Your task »
Could you transcribe exactly the lines from the one containing "Cap d'Agde —" through the end of the listing below, both included, but none of the pictures?

** Exercise data follows **

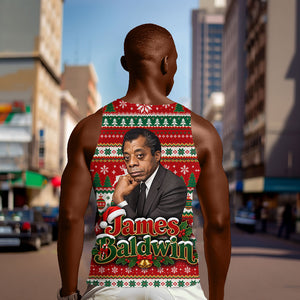 James Baldwin Christmas Men Tank Top African American Author Ugly Christmas Pattern Retro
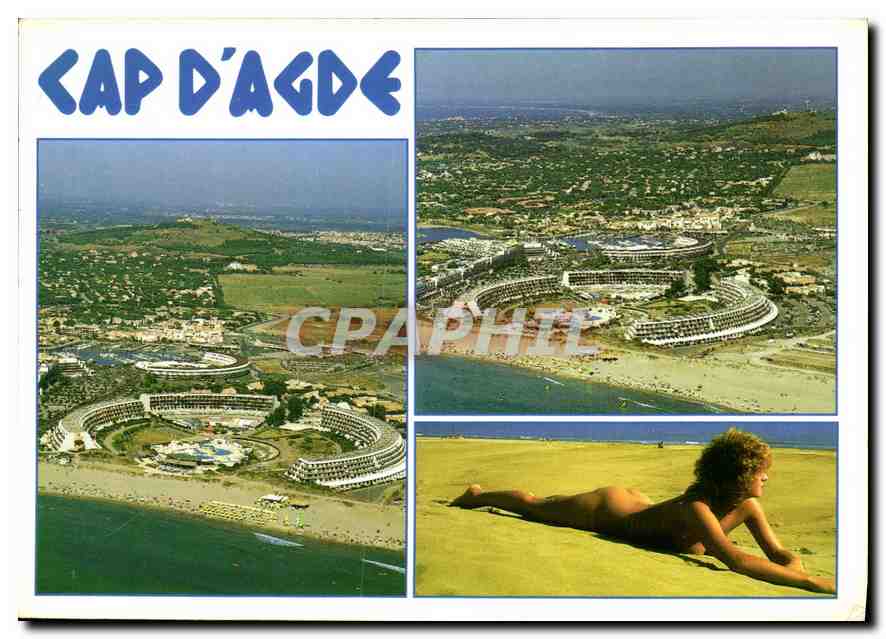 Cap d'Agde — vue aérienne et plage — éditeur CPAPHIL, n° 2106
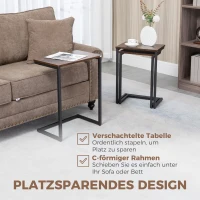 HOMCOM Satztisch, Beistelltisch, 3er-Set, Industrial Design, Stahlrahmen, braun+schwarz, 45 x 30 x 60cm(m-5)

** End of Exercise data **

Finished exercise »
 Cap d'Agde — vue aérienne et plage — éditeur CPAPHIL, n° 2106
 HOMCOM Satztisch, Beistelltisch, 3er-Set, Industrial Design, Stahlrahmen, braun+schwarz, 45 x 30 x 60cm(m-5)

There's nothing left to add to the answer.